When cutting costs, there are a number of different avenues to focus on. When I worked for Aetna, pencils were metered and carefully handed out. At one company I have worked for, Ibuprophen was removed for a while from the first-aid stations as a cost-saving measure. Pencils and Ibuprophen don't move the needle. Staff reduction does move the needle. Unfortunately, after you layoff your workforce, your ability to do much of anything is supremely hindered. You may be able to keep your operation running, but forget innovation.

Instead of cutting staff, a better focus would be to focus hard on reducing operational cost and generally increasing productivity. We've been focusing a lot on reducing the cost of operations at Amazon and the result is that we have more developers spending time on developing (and golly, the stock price is up too, go figure). If you consider developers as fixed costs and their value add is new stuff, by increasing the amount of time they have to work on new stuff, you increase their efficiency. By reducing operational cost you get more value from your staff.

What's hard about reducing operational cost is that you usually have to dedicate a good chunk of said staff to that task. By doing that you don't build new features with those folks. So you are basically taking a hit up front to get your house in order. While it can be a bitter bill to swallow -- that you let yourself get so far gone -- the net results are marvelous.

Software developers tend to feel a sense of ownership for their software and services and nobody likes owning some custy, junky, crappy software that always dies and just generally "sucks"! Nobody! Having a smooth running system that doesn't wake people in the middle of the night and handles your peak transactional volume well is something to be proud of and makes you feel good about your job. When your developers are feeling good about their jobs, they tend to germinate ideas at a higher rate and the ideas tend to be better as well. And then... then... since the developers are busy spending all their time fighting fires, they actually have time to explore these cool new features which makes the website that much better.

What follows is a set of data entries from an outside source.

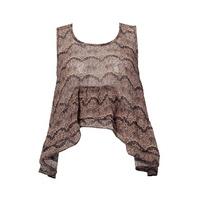 Lace Print Dip Hem Top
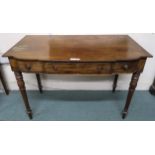 A Victorian mahogany three drawer side table on turned supports, 75cm high x 109cm wide x 58cm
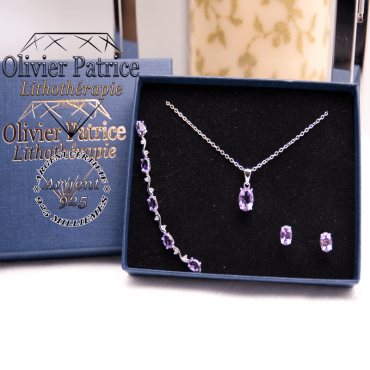 Parure améthyste en argent 925 - 3 pièces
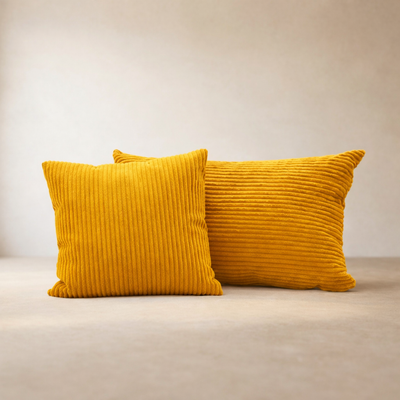 Coussin — coloris Moutarde · Coussin décoratif velours côtelé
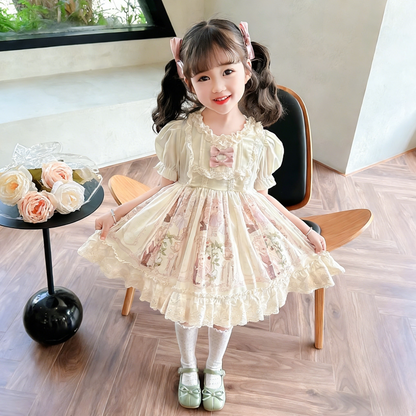 Girls Teddy-Bear Lolita Sundress - Short-Sleeve Puffy Flower-Girl Dress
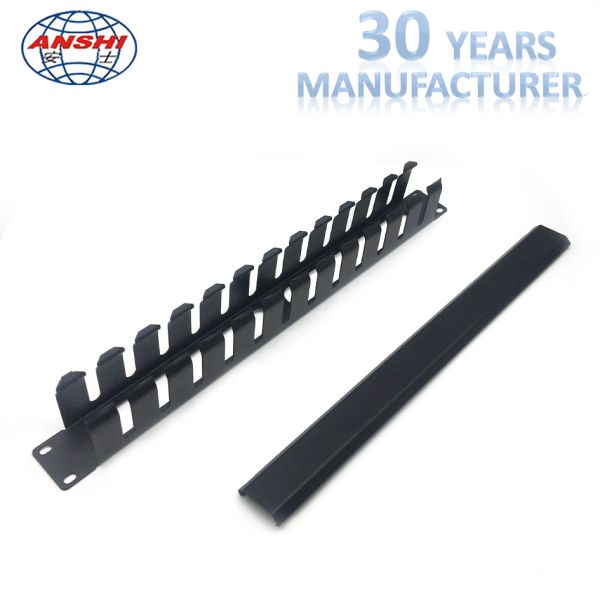 Черный по горизонтали держатель шкафа управления 1у кабеля 19 дюймов с 12 портами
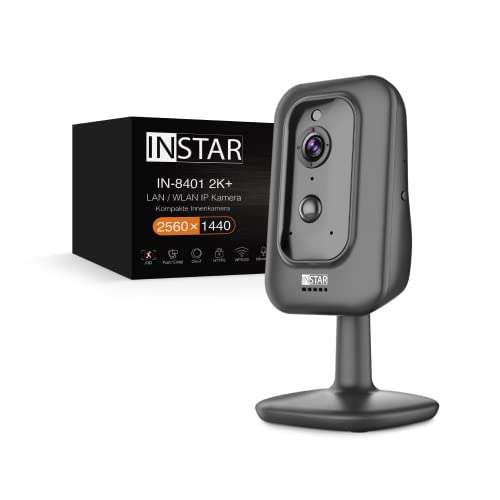 INSTAR IN-8401 2K+ schwarz - LAN/WLAN Überwachungskamera mit KI (AI)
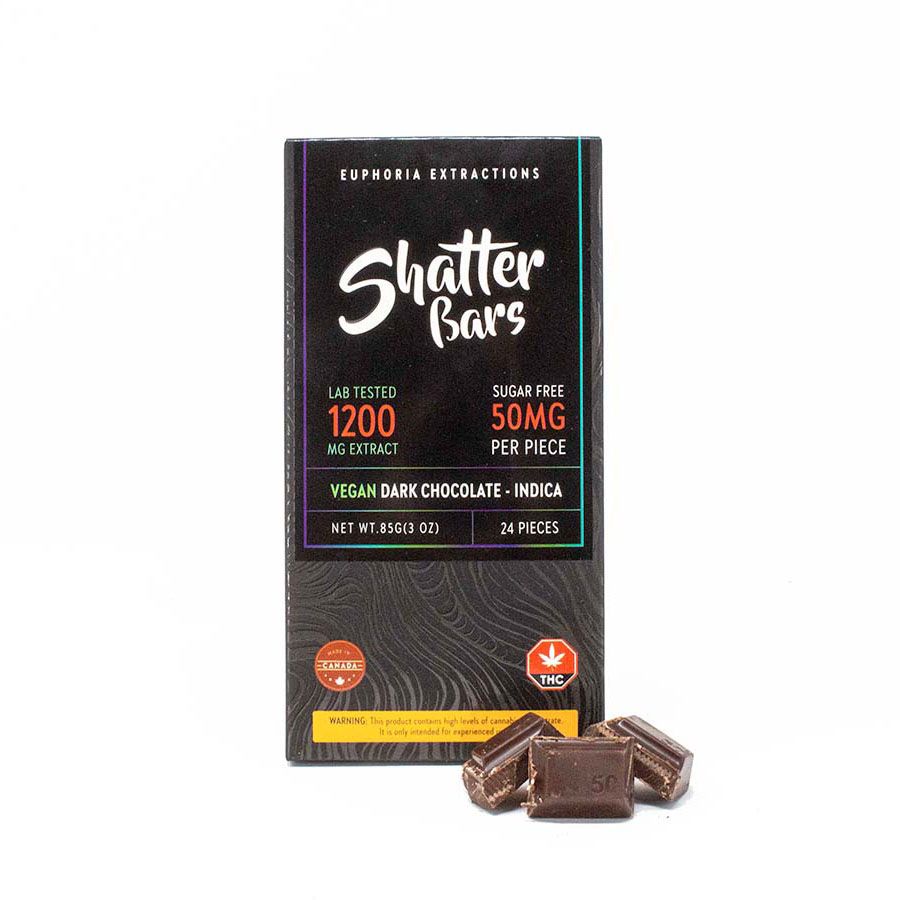 1200mg Indica Dark Chocolate Vegan Shatter Bar by Euphoria Extractions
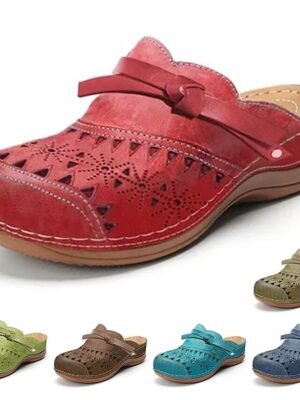 Vintage Casual Slip-On Red Faux Leather Laser-Cut Floral Clogs - Image 1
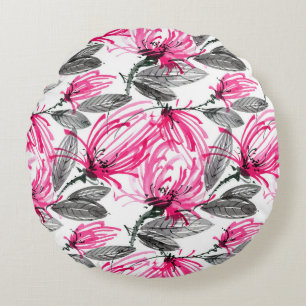 Coussins Ronds Fleur rouge orientale : Motif d'aquarelle.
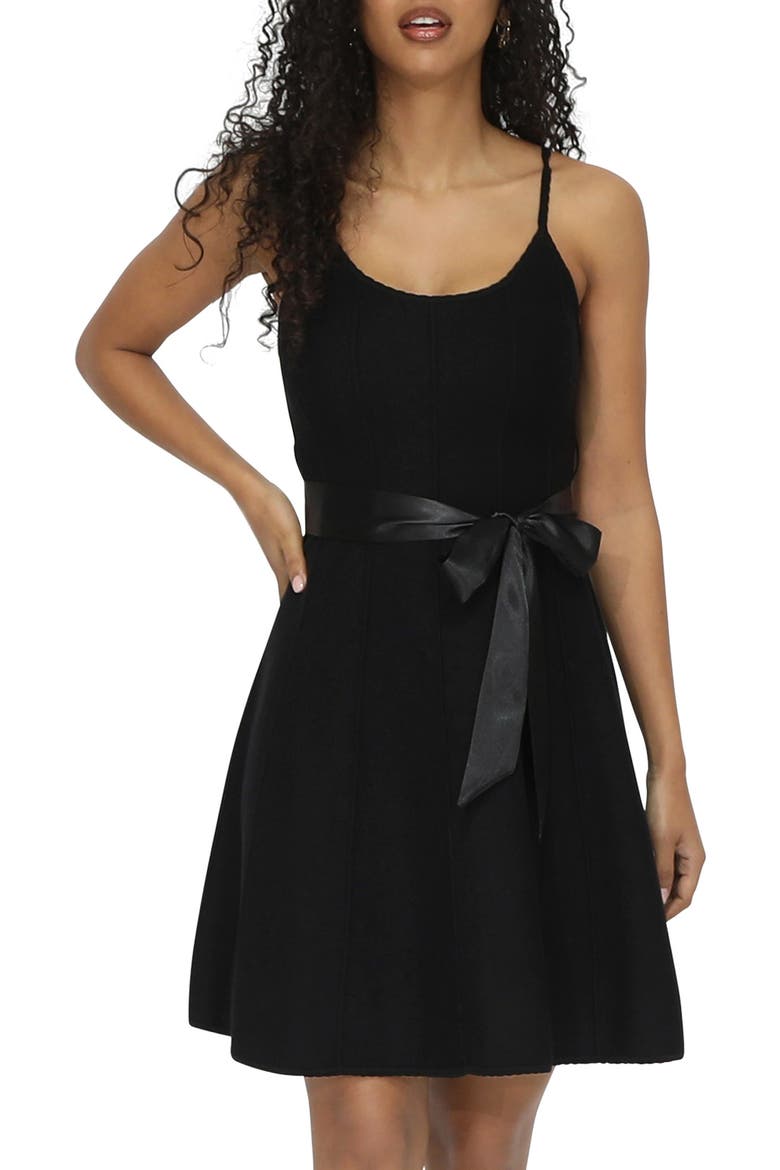 Love Her Madly Knit Fit and Flare Dress, Alternate, color, BLACK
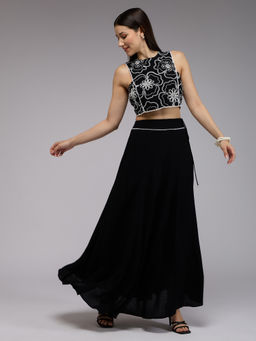 Gajra Gang - Black Viscose Floral Embroidered Crop Top And Skirt Chalk & Slate (Set of 2)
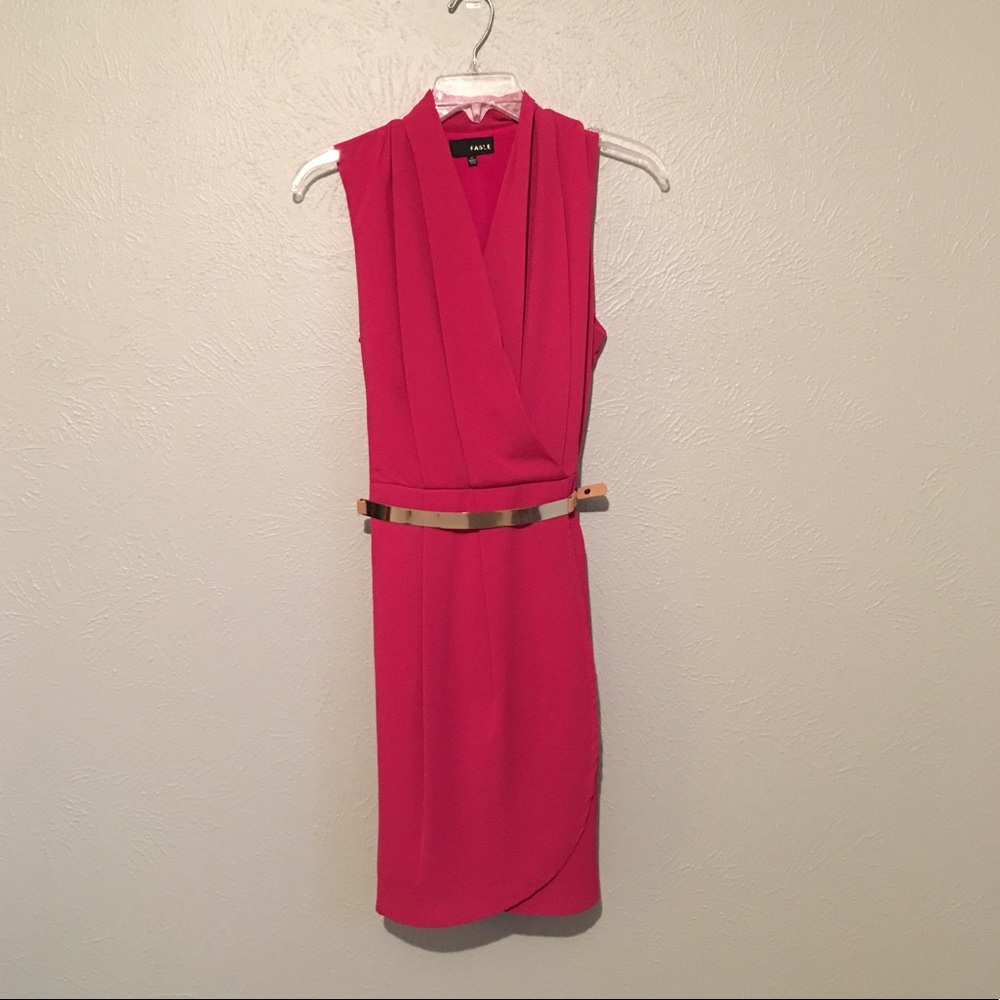 Deep pink dress with gold belt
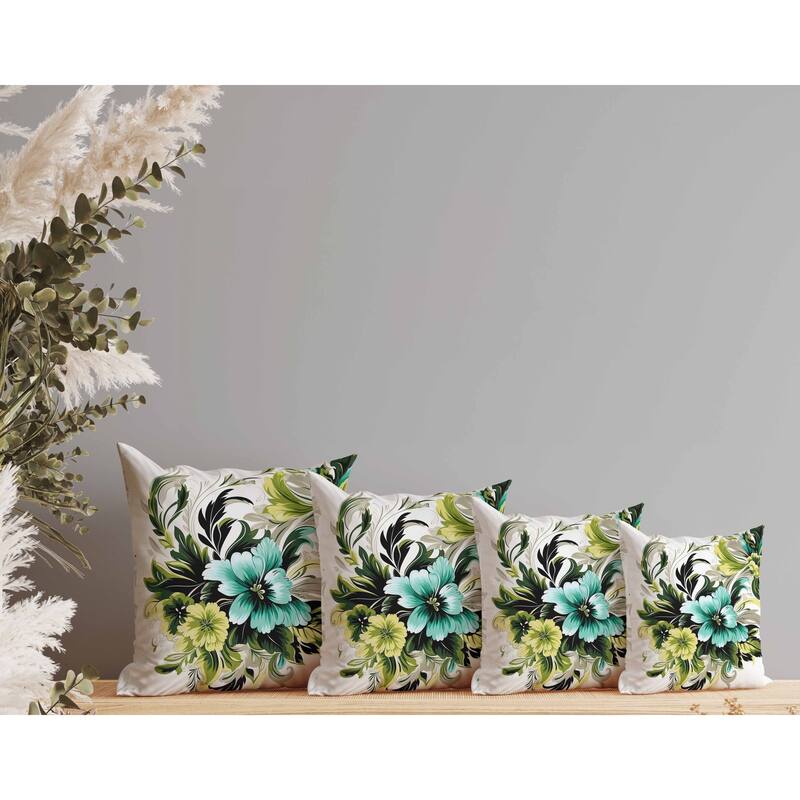 Botanic Bliss Faux Suede Reversible Throw Pillow Green and Yellow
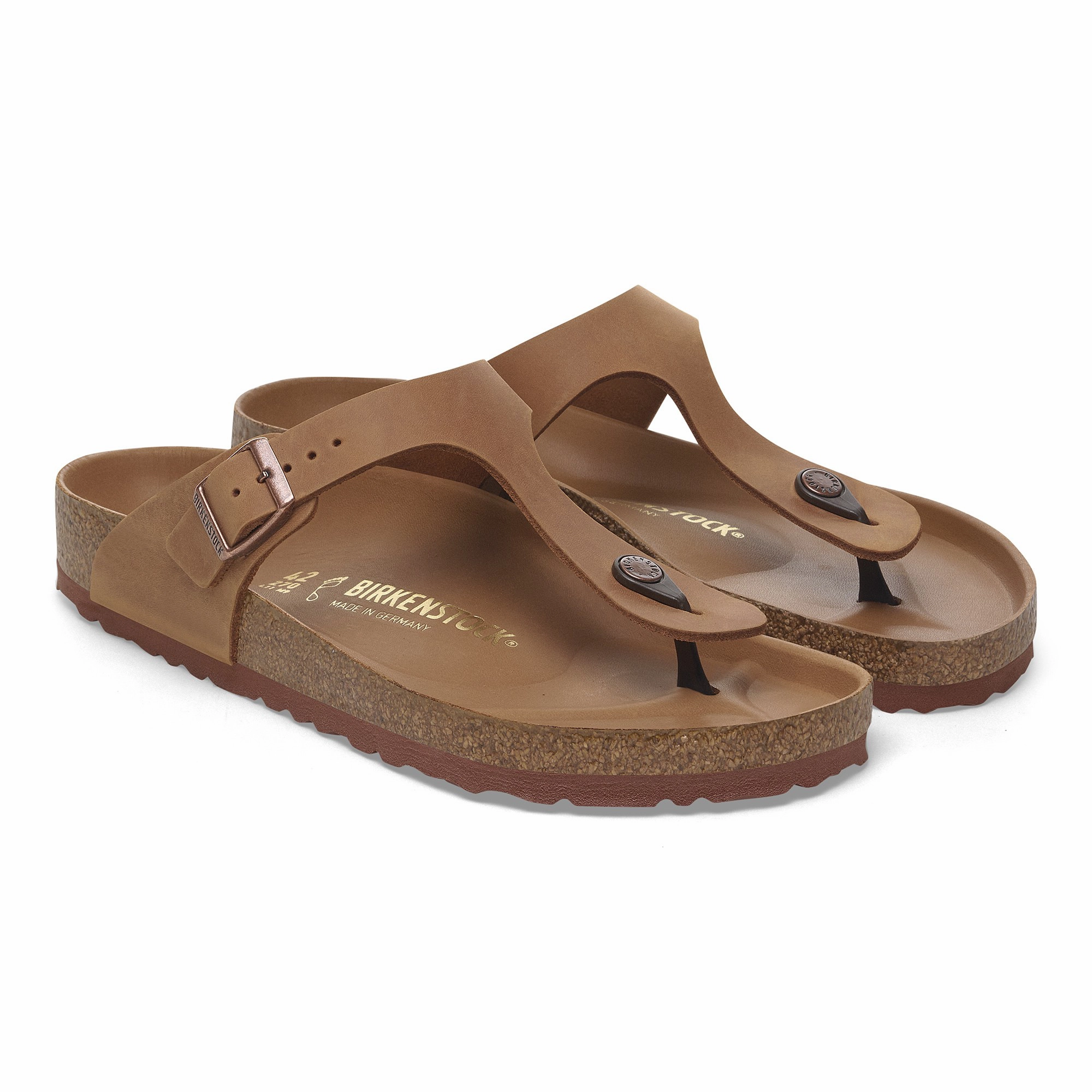 Gizeh BS Natural Leather Oiled Dress Thong Sandals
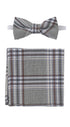 Prince Bowtie Kids Set - Schleife + Einstecktuch - Grau/Blau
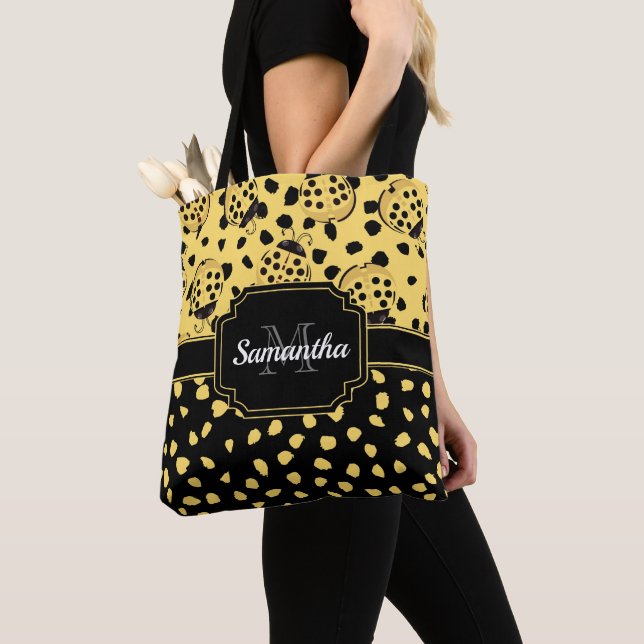 Tote Bag Ladybugs Jaune (De près)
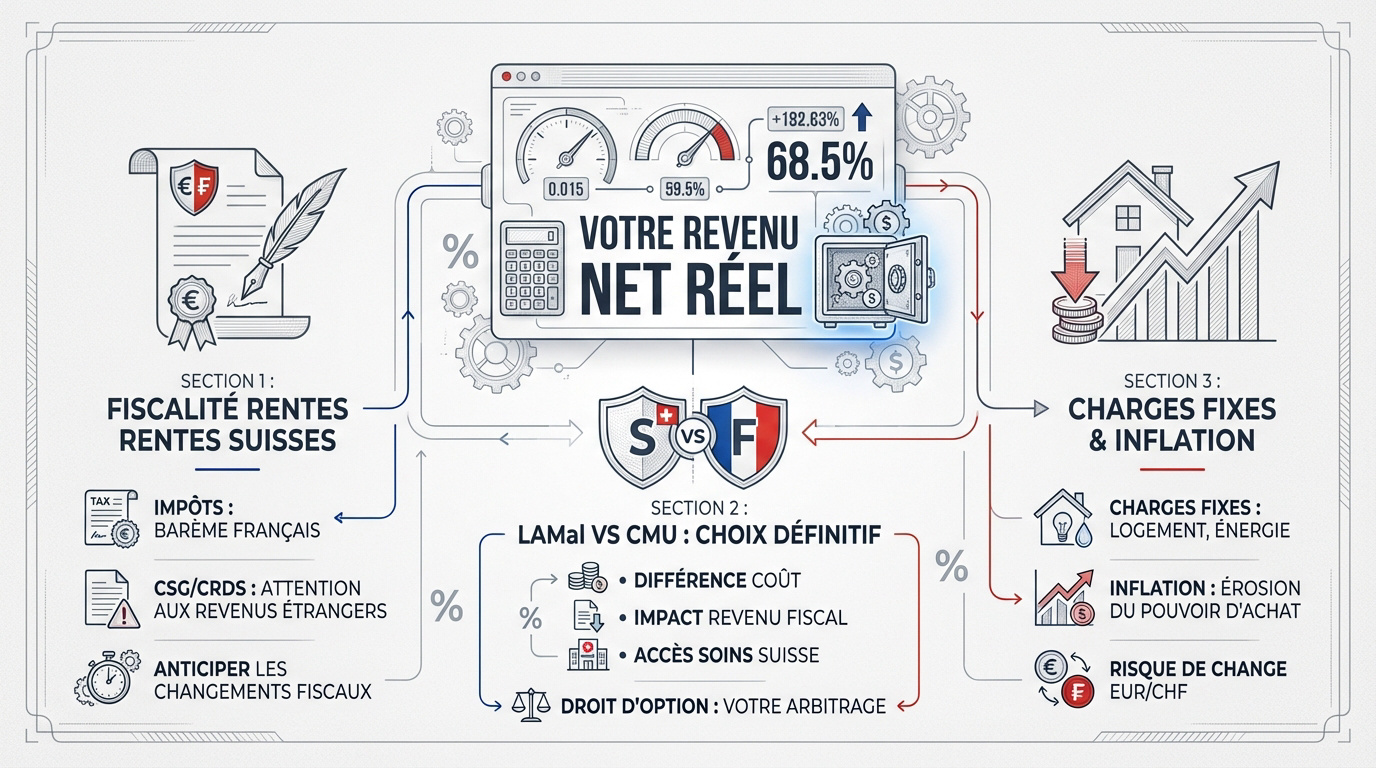 Comparatif du revenu net réel entre la France et la Suisse pour un retraité frontalier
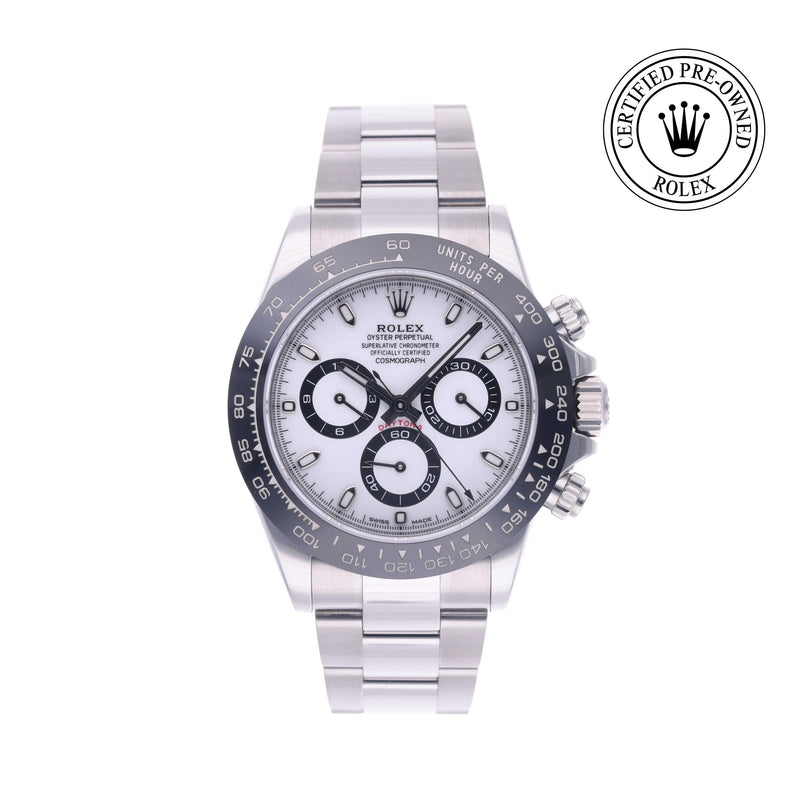 Rolex Certified Pre-owned Daytona M116500LN-0001 front on white background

Reducing operational cost is not something you can usually do in a month or three. It requires a long term commitment AND it requires a culture shift to build software in an operational friendly form -- which also makes it take a little longer to build. The value there is that you spend the extra time in software, up-front, once vs the death of a thousand cuts as you spend countless hours over time dealing with software that is hard to manage.

Spend a little now or spend a lot later.